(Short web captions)
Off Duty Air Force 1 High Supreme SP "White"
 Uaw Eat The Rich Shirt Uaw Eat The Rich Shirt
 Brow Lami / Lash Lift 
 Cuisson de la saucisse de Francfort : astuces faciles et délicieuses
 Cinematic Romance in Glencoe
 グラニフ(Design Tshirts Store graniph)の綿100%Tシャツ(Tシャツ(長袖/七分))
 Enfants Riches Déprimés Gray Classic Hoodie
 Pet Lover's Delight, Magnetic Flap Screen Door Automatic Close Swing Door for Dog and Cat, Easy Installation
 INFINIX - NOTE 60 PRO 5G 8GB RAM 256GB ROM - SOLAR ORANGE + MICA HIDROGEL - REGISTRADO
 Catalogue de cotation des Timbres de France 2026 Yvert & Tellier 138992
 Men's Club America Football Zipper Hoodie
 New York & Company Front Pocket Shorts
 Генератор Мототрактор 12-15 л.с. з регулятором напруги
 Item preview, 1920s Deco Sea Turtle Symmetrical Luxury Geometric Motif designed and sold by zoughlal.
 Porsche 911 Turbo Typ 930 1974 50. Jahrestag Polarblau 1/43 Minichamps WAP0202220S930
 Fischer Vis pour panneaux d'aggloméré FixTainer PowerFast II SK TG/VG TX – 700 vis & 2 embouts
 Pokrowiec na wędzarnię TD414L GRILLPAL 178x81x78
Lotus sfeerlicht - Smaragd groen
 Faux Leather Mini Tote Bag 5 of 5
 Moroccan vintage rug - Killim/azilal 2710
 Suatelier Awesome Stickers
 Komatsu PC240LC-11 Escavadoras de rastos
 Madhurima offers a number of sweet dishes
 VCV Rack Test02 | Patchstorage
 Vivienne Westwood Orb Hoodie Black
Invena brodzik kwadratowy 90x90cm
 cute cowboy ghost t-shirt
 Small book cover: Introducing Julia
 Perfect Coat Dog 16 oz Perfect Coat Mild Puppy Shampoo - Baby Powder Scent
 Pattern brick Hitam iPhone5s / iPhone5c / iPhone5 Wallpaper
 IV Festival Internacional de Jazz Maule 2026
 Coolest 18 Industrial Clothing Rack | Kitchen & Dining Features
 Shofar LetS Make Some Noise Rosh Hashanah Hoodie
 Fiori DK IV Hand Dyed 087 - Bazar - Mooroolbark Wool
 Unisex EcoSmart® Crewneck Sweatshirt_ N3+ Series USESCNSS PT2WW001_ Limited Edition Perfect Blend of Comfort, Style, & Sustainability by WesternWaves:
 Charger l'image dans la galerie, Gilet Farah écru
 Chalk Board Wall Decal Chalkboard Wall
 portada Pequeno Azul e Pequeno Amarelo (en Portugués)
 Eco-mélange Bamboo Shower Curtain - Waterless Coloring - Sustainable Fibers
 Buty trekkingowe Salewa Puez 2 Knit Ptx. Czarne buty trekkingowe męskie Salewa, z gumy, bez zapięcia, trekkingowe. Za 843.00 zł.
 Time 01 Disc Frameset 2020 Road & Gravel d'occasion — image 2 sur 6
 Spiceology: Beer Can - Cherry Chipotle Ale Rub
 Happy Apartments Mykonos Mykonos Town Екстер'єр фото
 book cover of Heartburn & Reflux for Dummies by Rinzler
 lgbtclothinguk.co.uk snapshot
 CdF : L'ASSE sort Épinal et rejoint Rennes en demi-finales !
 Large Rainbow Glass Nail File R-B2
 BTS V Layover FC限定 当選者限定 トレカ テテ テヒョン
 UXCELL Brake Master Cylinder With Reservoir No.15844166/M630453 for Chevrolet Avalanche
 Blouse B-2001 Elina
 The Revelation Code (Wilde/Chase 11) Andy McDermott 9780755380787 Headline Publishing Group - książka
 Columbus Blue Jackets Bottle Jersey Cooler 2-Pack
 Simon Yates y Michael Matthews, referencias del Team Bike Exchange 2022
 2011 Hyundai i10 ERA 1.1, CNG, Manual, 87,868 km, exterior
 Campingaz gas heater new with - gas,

- **REQUIRED ACTION**: When a line of the data holds the string "image", pick it out and copy it.

- **RESULT**:
 Charger l'image dans la galerie, Gilet Farah écru
 Time 01 Disc Frameset 2020 Road & Gravel d'occasion — image 2 sur 6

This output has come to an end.